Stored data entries

-.-.-

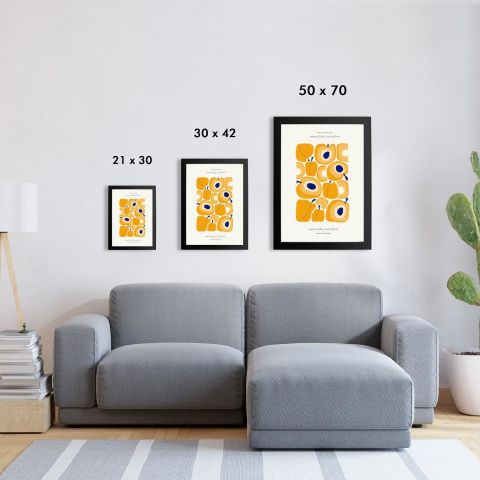 Apricot Yellow Blue Poster Tablo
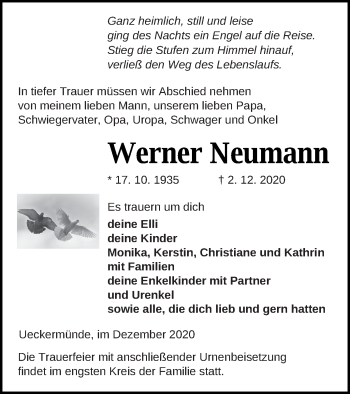 Traueranzeige von Werner Neumann von Haff-Zeitung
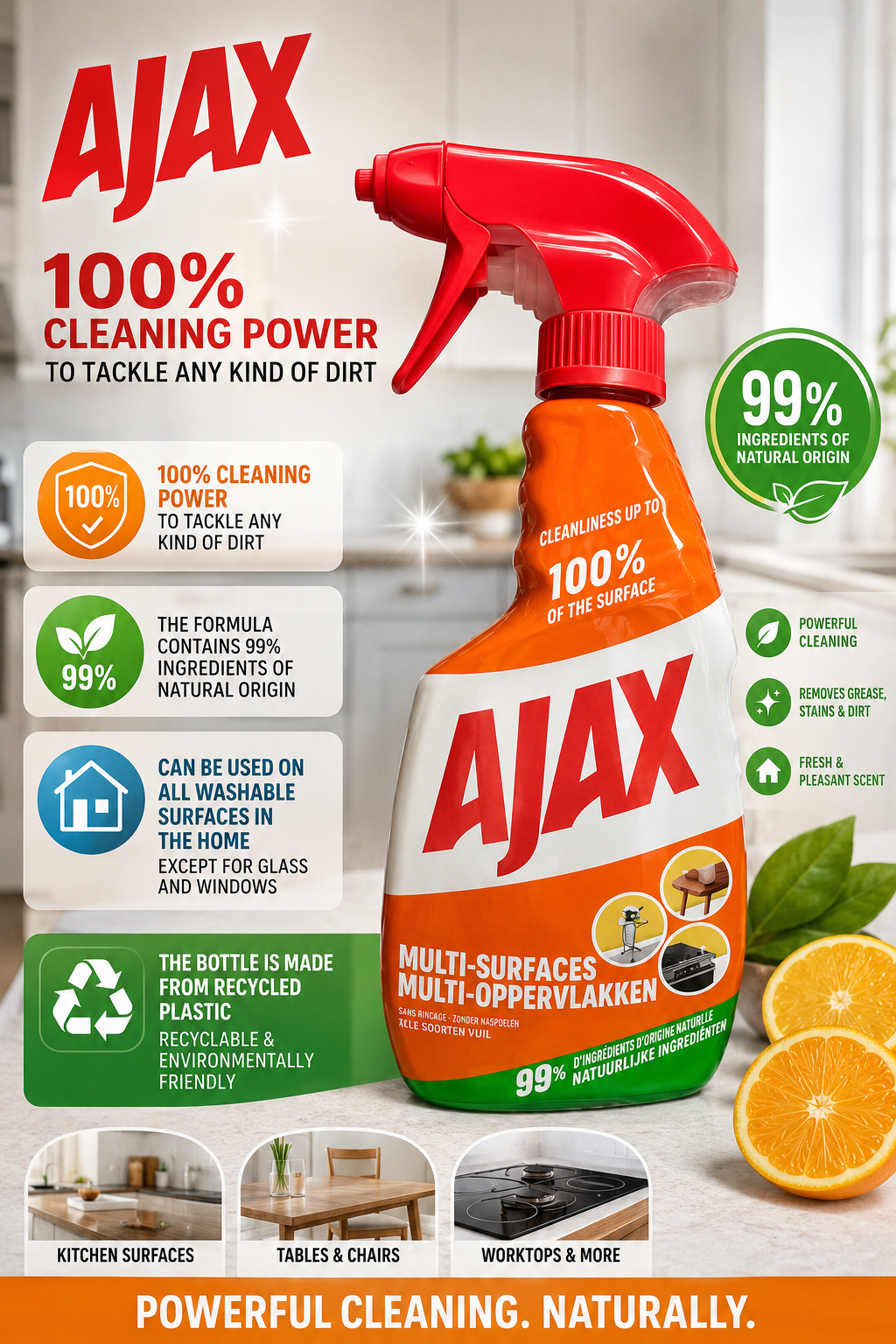 Ajax Multi-Surfaces household cleaning spray.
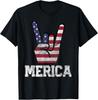 Merica Rock Sign 4th of July Vintage American Flag Retro USA T-Shirt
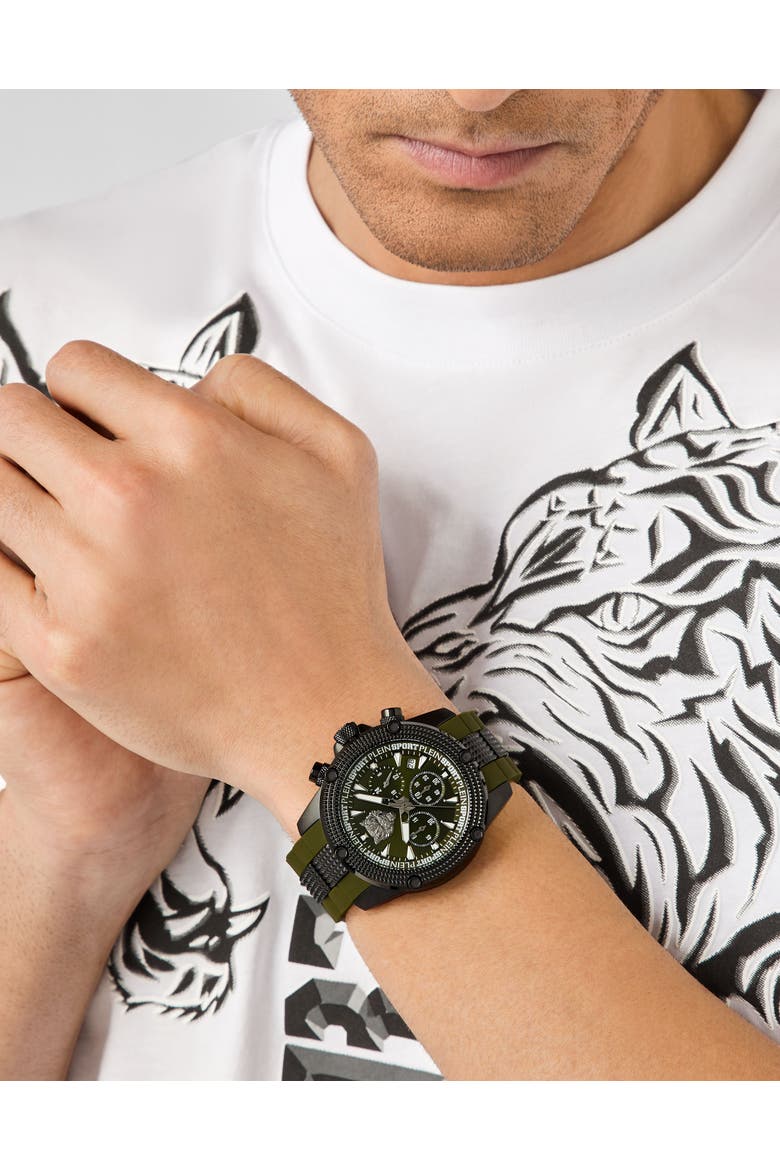 Hurricane Chrono Watch Men, Alternate, color, black/green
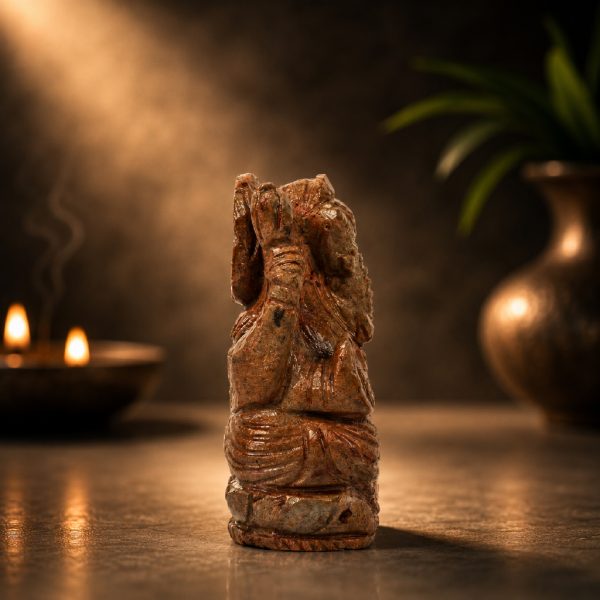 Natural Ruby Ganesh Idol – Hand Carved Crystal Ganpati Idol for Home Temple & Desk Decor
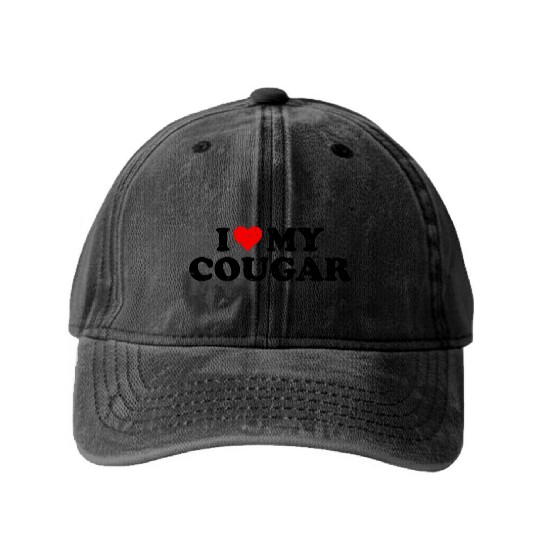 I Love Cougars Cougar Humor Valentine's Day 4WH1 Washed Denim Baseball Caps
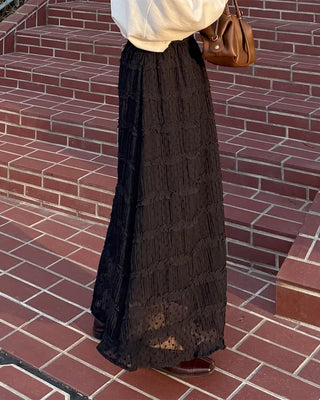 Polka Dot Frill Long Skirt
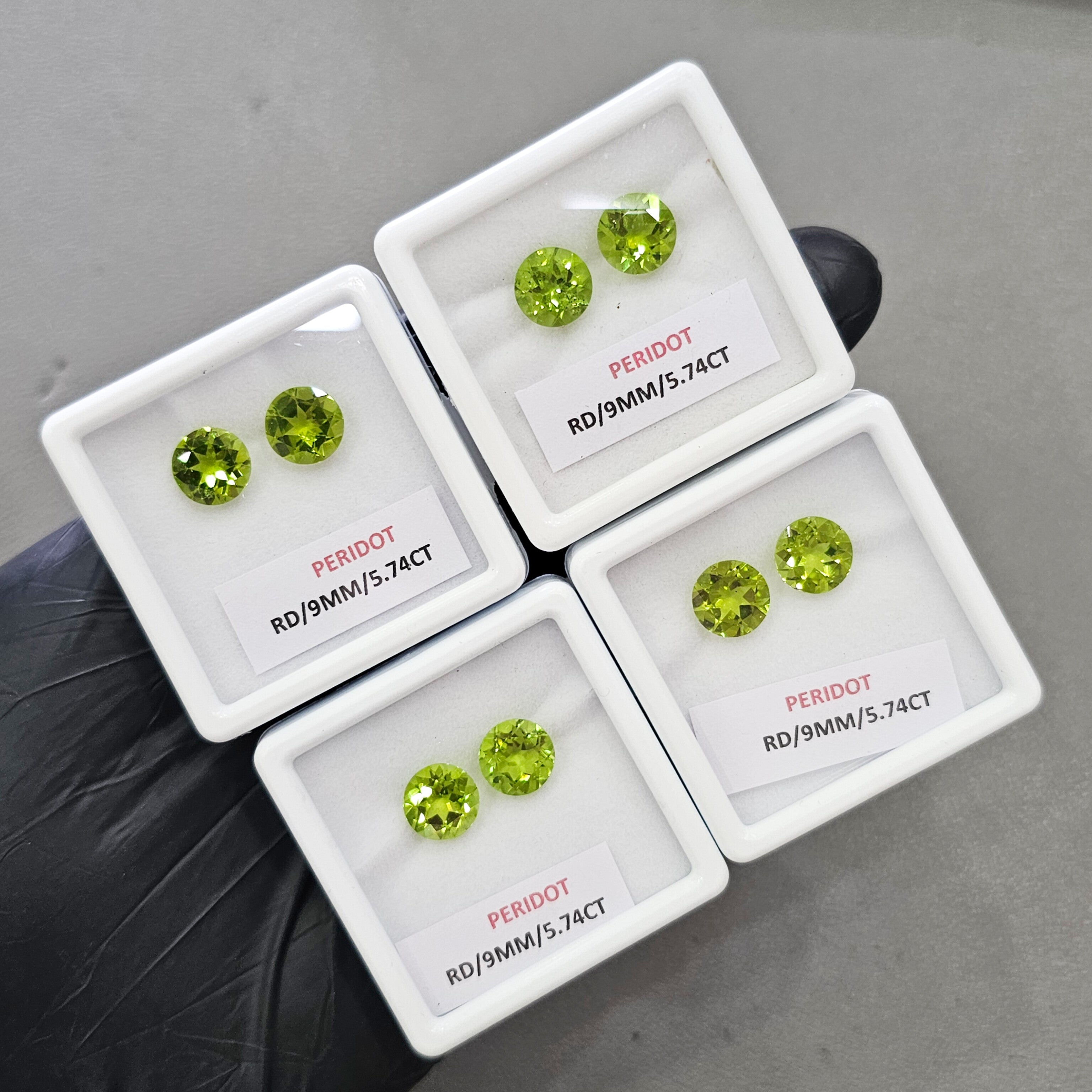 2 Pcs Pair Natural Peridot Faceted | Round | Size: 9mm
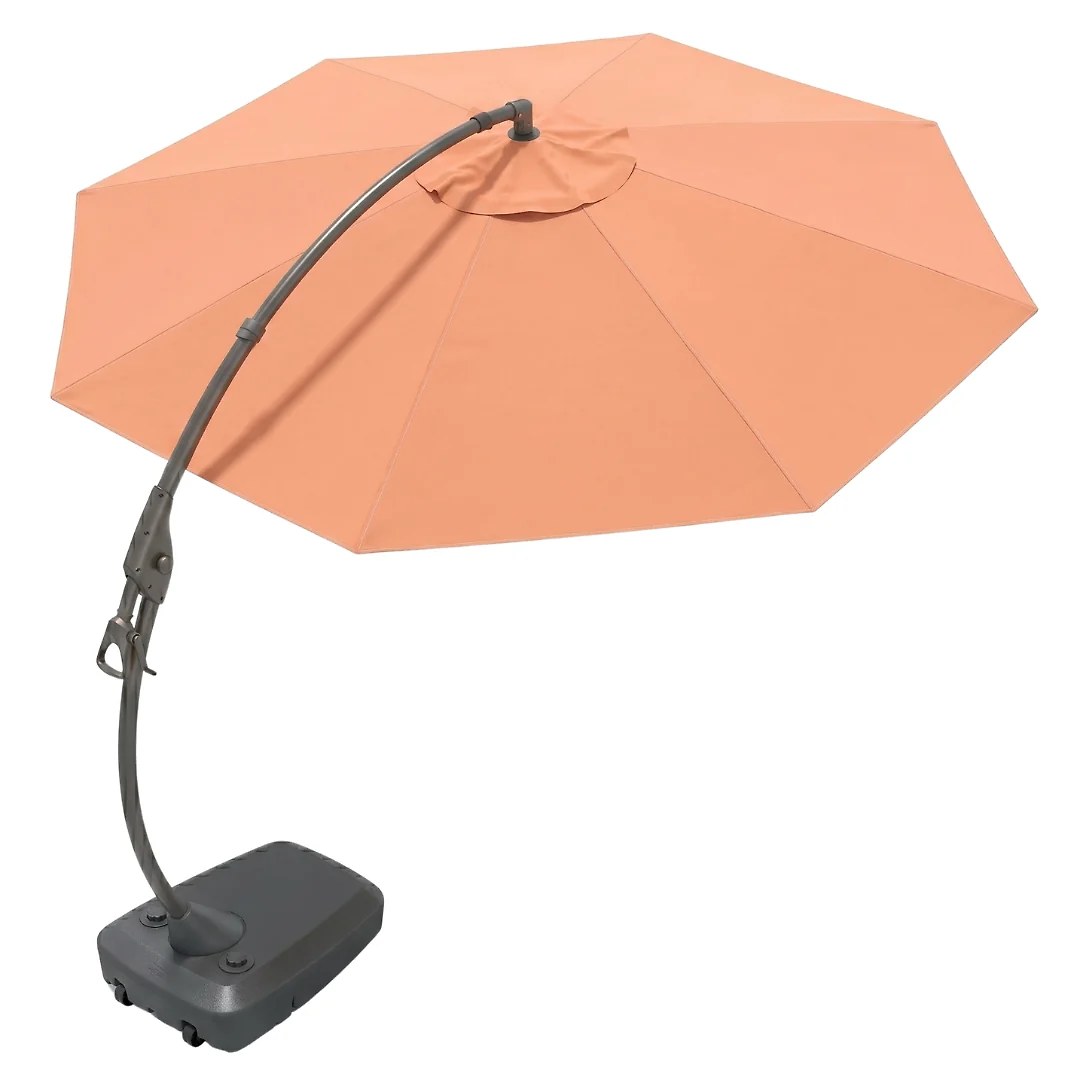 12 ft Round Cantilever Patio Umbrella with Wheeled Fillable Base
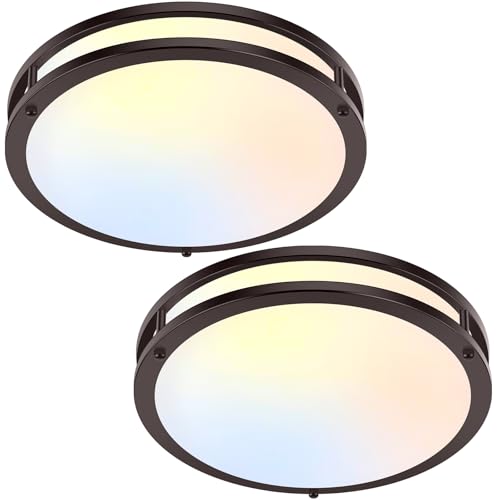TOBUSA 2-Pack 36w LED Ceiling Lights 12inch Flush Mount Light Fixture - Bronze - Like New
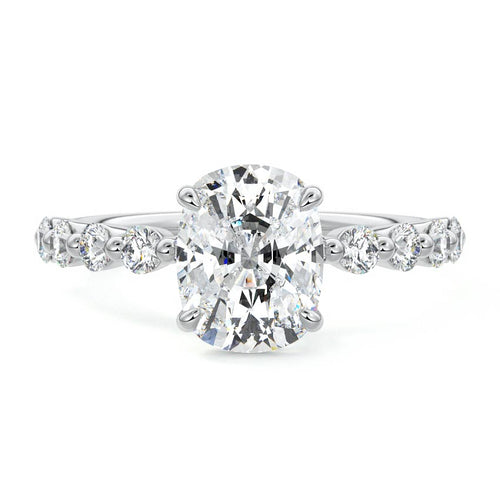 Sabine - Cushion White Gold Lab Grown Diamond Engagement Ring | Nura Lab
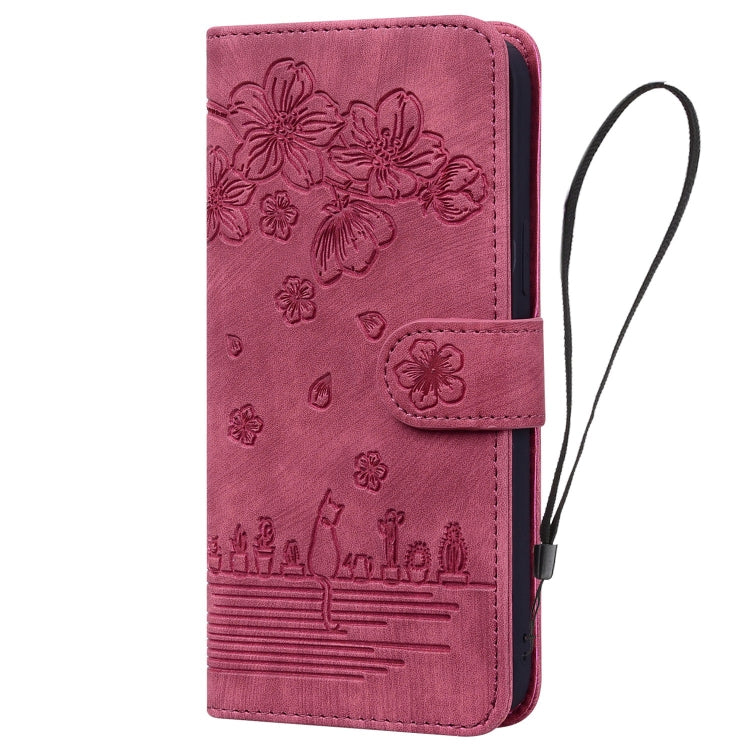 For iPhone 15 Pro Max Cartoon Sakura Cat Embossed Leather Phone Case(Wine Red) - HoMEdemic™ 
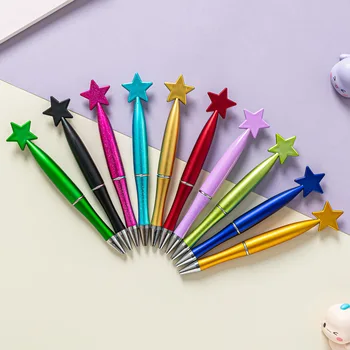 100шт Ручки в форме звезды, черные чернила, ручки-роллеры, шариковые ручки в виде звезды, Офисные школьные принадлежности, подарок на день рождения, шариковая ручка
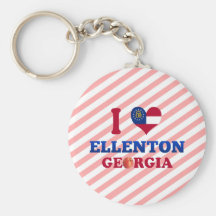 I Love Ellenton, Georgia Keychains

-.-.-

**Problem to work on**
All that is wanted is the lines above between the one containing "Hurricane Chrono Watch" and the one containing "12 ft Round", inclusive, restated word for word, with pictures omitted.

**Answer space**
 Hurricane Chrono Watch Men, Alternate, color, black/green
 Natural Ruby Ganesh Idol – Hand Carved Crystal Ganpati Idol for Home Temple & Desk Decor
 I Love Cougars Cougar Humor Valentine's Day 4WH1 Washed Denim Baseball Caps
 Polka Dot Frill Long Skirt
 2 Pcs Pair Natural Peridot Faceted | Round | Size: 9mm
 12 ft Round Cantilever Patio Umbrella with Wheeled Fillable Base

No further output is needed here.